Die Regierung Bush hat um internationale Zustimmung für eine neue Form präventiver Inhaftierung geworben, die es ermöglichen würde, Angehörige dieser dritten Kategorie in den USA selbst und im Ausland in Haft zu halten. "Das Problem liegt darin, dass Sie da mehr als 200 hochgefährliche Leute haben, und die Frage ist, was Sie mit denen anfangen. Und das sind Leute, die Ihnen immer wieder sagen: Wenn ich hier herausgelassen werde, gehe ich hin und bringe sofort wieder Amerikaner um", sagt Condoleezza Rice, die scheidende Außenministerin. "Selbst wenn man weiß, ob diese Person künftig eine Bedrohung darstellt - so haben wir einfach keinen rechtlichen Rahmen dafür, und genau deshalb verfahren wir nach einem kriegsrechtlichen Rahmen. Aber wenn Sie eine Person nicht festhalten, von der Sie wissen, dass sie eine Bedrohung darstellt, dann riskieren Sie den Tod Tausender Unschuldiger. Daher bin ich überzeugt, dass sich die internationale Gemeinschaft damit beschäftigen sollte."

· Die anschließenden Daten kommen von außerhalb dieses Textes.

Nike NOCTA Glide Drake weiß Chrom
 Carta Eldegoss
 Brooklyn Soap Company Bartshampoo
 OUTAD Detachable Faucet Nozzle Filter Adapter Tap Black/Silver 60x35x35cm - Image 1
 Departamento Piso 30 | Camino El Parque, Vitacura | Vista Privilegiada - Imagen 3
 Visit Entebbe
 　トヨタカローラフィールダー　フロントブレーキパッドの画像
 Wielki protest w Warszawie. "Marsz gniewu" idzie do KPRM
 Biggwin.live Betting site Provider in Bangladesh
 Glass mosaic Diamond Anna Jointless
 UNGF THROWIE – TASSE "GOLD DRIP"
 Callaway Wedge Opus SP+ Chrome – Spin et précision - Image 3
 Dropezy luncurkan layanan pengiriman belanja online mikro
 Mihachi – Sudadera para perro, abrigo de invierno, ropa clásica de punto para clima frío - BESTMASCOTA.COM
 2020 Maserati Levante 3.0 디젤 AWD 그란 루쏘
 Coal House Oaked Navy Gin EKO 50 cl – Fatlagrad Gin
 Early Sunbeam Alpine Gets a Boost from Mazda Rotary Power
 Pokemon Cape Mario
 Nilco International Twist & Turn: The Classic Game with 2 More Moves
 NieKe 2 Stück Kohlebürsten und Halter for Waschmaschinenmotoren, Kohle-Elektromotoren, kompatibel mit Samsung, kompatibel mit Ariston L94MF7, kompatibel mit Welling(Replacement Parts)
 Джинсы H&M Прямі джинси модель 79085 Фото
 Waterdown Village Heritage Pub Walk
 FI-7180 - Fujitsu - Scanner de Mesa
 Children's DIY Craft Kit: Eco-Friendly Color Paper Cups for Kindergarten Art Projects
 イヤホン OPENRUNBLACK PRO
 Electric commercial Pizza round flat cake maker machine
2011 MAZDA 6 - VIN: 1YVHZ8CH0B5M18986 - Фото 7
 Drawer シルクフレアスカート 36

Es sieht allerdings nicht danach aus, als habe diese Gemeinschaft Appetit auf eine solche Abkehr vom etablierten menschenrechtlichen Fundament des Rechts. Das bedeutet, die Entscheidung über präventive Inhaftierung wird allein Obama zufallen. Mehrere seiner Berater, darunter auch Liberale, halten den Terrorismus für eine derart bösartige Bedrohung und die Risiken einer Freilassung von Verdächtigen für so hoch, dass ihnen ein Gesetzesvorhaben, das die Präventivhaft für zulässig erklärt, unvermeidlich erscheint. Das politische Risiko, dass ein entlassener Häftling einen Anschlag verübt, sei enorm. Es könnte lähmend auf eine neue Regierung wirken.
Andererseits - so versichern Menschenrechtsanwälte - würde ein neues System der Präventivhaft weltweit als Guantánamo-Neuauflage empfunden. Als Rekrutierungsargument für al-Qaida wäre es sicher genauso wirksam wie die bisherige Praxis der Bush-Administration. Es würde den Extremisten erlauben, sich weiterhin als Krieger und nicht als bloße Kriminelle zu betrachten.
Mit anderen Worten, es handelt sich um eines der kompliziertesten Probleme, die der neue Präsident auf dem Schreibtisch hat. Wie Barack Obama entscheidet, wird eine Menge über seine Präsidentschaft aussagen. Sarah Mendelson vom Center for Strategic and International Studies und Autorin des Berichts Closing Guantánamo, hält es für ungewiss, welche Richtung die Entwicklung nehmen wird. Aber sie fügt eine persönliche Einschätzung hinzu: "Der designierte Präsident hat an einer der renommiertesten juristischen Fakultäten des Landes Verfassungsrecht gelehrt. Er kandidierte mit dem Versprechen, zur internationalen Zusammenarbeit zurückzukehren. Die Vorstellung, ein neues rechtliches System einzuführen, das juristische Streitigkeiten über weitere Jahre hinweg nach sich zieht, kann nicht besonders verlockend wirken. Das wäre nicht der klare Neuanfang, den er jetzt braucht."